I liked it. The guy had balls. The Spartan didn’t want to surrender: “Talking isn’t the sin, the sin is letting yourself be taken alive.” That thick paste, mixed with viscous liquids — it was hard to believe that repugnant pulp was all that was left of the head that used to lean over a chessboard and could divine moves none of the rest of us could see. And if he was only that, then so was my daughter, so was I, so was anyone. He was left shamelessly exposed, turned inside out like an animal destroyed. And I remembered the Fonseca no. 1 wrapped in rice paper that he’d given me at the restaurant in the Central Market. And I remembered the girl who was waiting for him in Quivicán, rolling tobacco leaves.

That same night, three leaders of Red Ax fell, including “Viollier.” They made me identify him after he was already dead: it was Max, no doubt about it. He was almost intact. It happened at the corner of Argomedo and Raulí. He was on his way in to the “meet.” He didn’t obey the order to stop, they said. Lies. They shot him point-blank. He never even fired. It wasn’t like with Rafa or the Spartan. They didn’t even try to take him alive. Macha crossed in front of him, aiming at him and cutting off his escape. Iris, from the sidewalk across the street, hit him with a single 9mm bullet in his temple. An old woman who’d just arrived heard the bullets and started walking down Raulí; they let her escape and put a tail on her.

FORTY-FIVE

“Let’s go to Wild Cat,” he says, “Come on.” And in the Volvo he gives me a bottle of Christian Dior perfume — a small bottle so I can carry it in my purse — and then he hands me a line on his gold credit card. Flaco is attractive, but you know, the fire of the beginning has cooled over time. But not if we go to the den in Malloco. There, my whole body starts to vibrate again. Sometimes, I go with Flaco to the private room with Louis XV chairs and the faded black velvet sofa. And after a little of the white powder, I start to smolder again, burning up my desperation, my resentment, my twisted sadness. Then, to receive Jerónimo and Rabbit under Flaco’s gaze is to kill them and resuscitate myself. And Flaco loves me then with a renewed passion.

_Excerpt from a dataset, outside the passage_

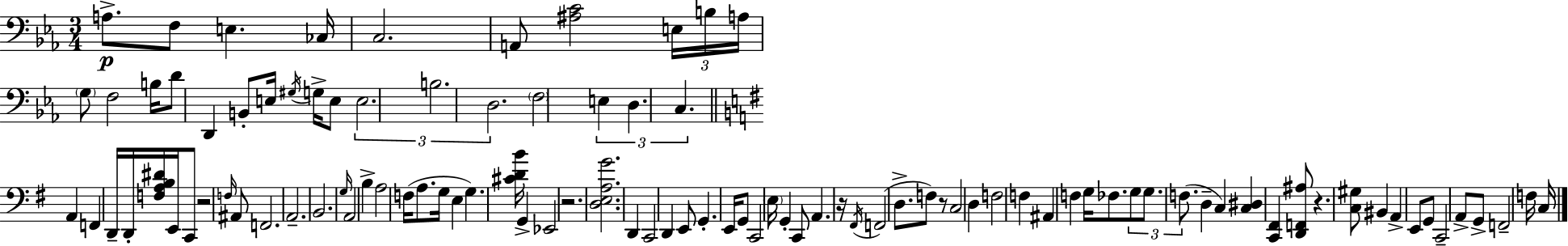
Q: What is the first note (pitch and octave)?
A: A3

So we went, and I lost him soon after we got there. I went to the bar and drank two pisco and Cokes. I looked for him until I got tired of looking for him. I danced with a big, slightly pudgy guy who squeezed me and whom I didn’t like. He gave me a black mask, soft and flexible. “It’s Italian,” he told me. He gave me a couple of lines. A boy with a shaved head embraced us, a friend of his, and we danced like that, the three of us. Then the two of them were kissing. I went back to the bar and I was drinking another piscola when Flaco appeared; he was laughing with a younger guy, dark, not very tall, thin, with dark glasses. There was a lot of complicity in the laughter of those two. We went into the room with imitation Louis XV chairs, and Flaco took out his little mirror. The other guy followed the rhythm of the music, and he inhaled and looked at me seriously and went on dancing.

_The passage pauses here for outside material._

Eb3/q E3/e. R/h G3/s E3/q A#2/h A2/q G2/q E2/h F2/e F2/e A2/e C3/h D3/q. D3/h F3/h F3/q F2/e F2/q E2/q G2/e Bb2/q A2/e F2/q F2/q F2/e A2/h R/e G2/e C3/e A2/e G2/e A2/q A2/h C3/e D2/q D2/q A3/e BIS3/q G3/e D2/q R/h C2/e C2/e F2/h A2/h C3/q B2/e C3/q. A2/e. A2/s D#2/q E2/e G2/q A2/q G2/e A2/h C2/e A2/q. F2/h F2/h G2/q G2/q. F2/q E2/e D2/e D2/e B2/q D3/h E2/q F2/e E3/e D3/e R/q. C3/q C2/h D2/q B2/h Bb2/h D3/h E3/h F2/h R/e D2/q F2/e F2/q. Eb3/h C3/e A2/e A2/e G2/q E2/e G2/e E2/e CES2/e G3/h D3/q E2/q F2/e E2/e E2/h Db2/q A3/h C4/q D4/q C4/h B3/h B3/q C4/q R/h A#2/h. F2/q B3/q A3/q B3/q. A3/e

“You’ve got white on the nose of your mask,” laughed Flaco. He knew what he wanted from me. The other guy came closer. Flaco told me yes, yes, with his somber voice that conquered me. The other man laughed. I had already given myself over.

Then I recognized him, suddenly and without a doubt. I recognized his smell. He was wearing a T-shirt again, sleeveless this time, and his arms were more muscular than I remembered. He looked at me in the darkness, but he didn’t remember me. My heart jumped when I felt my captor’s arm around me, and Flaco’s clinging gaze. Now it was me who was nervous. I whispered into his ear. “I remember you,” I told him. “I saw you once and you were wearing a green shirt.” He didn’t answer. I don’t think he heard me. He was licking my nipples and he caressed them tenderly and in the darkness he gaped at them and then went back to biting them gently. He was concentrated there. His body was hairless. I like hairless men. Rodrigo was hairless. The Greeks didn’t sculpt men’s hair, except for where it should be: on their heads and down below. Their shapes emphasize a smooth and continuous surface. Hair interrupts the beauty of the muscles. At that moment, I was enjoying his chest, too, I liked that it was bare now and free of hair that would impede my tongue.